As an example, the English Wikipedia page about La Marseillaise contains sentences in French (The anthem's lyrics). In line-oriented corpora, these sentences would have been put in the French subcorpus. In OSCAR 22.01, they should be along with the article, in a document classified as English.

Layout

As previous corpora, there is one subcorpus per language, plus one new subcorpus for multilingual documents.
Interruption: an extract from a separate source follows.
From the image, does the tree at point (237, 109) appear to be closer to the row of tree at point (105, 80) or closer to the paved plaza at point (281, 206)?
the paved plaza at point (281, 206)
Subcorpora are distributed in JSONLines, split into 1GB chunks, then gzipped.

Note

Splits are completely independent and self-contained: It is possible to only download en_meta_134.jsonl.gz and to do processing on it.

Example document

{
  "content":"newline\nseparaaaaaaaaaaated\ncontent", // (1)
  "warc_headers":{ // (2) 
    "warc-refers-to":"<urn:uuid:83f2e1d4-5ed3-41db-86ff-f7826c4c20f9>", 
    "warc-date":"2021-09-16T11:07:14Z",
    "warc-block-digest":"sha1:X3OWP47FG2O5LBNMFSNB44FJF2SSRC26",
    "warc-type":"conversion",
    "warc-identified-content-language":"eng",
    "content-length":"1694",
    "warc-target-uri":"https://foo.bar",
    "warc-record-id":"<urn:uuid:3304bc27-17d0-4ffd-a692-340381478a5f>",
    "content-type":"text/plain"
  },
  "metadata":{
    // (3)
    "identification":{
      "label":"en",
      "prob":0.6268374
    },

    // (4)
    "annotation":[
      "short_sentences",
      "footer"
    ],

    // (5)
    "sentence_identifications":[
      {
        "label":"en",
        "prob":0.93925816
      },
      null,
      {
        "label":"en",
        "prob":0.9606543
      }
    ]
  }
}
  1. Content. Lines are separated by \n.
  2. Headers from the crawler. Note that nothing is changed, so the content length may be incorrect.
  3. Document-wide identification. prob is the weighted average of the confidence of identified lines.
  4. Annotations of the document. null if no annotation.
  5. Line-by-line identifications. null for each line that has no identification.

Annotations

  • tiny: The document has a low (<5) number of lines.
  • short_sentences: The document has a high number (>50%) of short lines (<400 bytes)
  • header: The document has a high number of short lines at its head, suggesting the presence of low quality content.
  • footer: The document has a high number of short lines at its tail, suggesting the presence of low quality content.
  • noisy: The document has a high percentage of punctuation (>50%)
  • adult: The document contains adult content. This annotation uses a blocklist and labels a tiny part of the corpus: It does not catch most of the adult content.

More information about the thresholds and annotators are present in our paper.

Filtering

Tip

Filtering can be done using oscar-tools, a high performance toolkit that provides rapid and efficient ways of transforming corpora into what you need. More info here.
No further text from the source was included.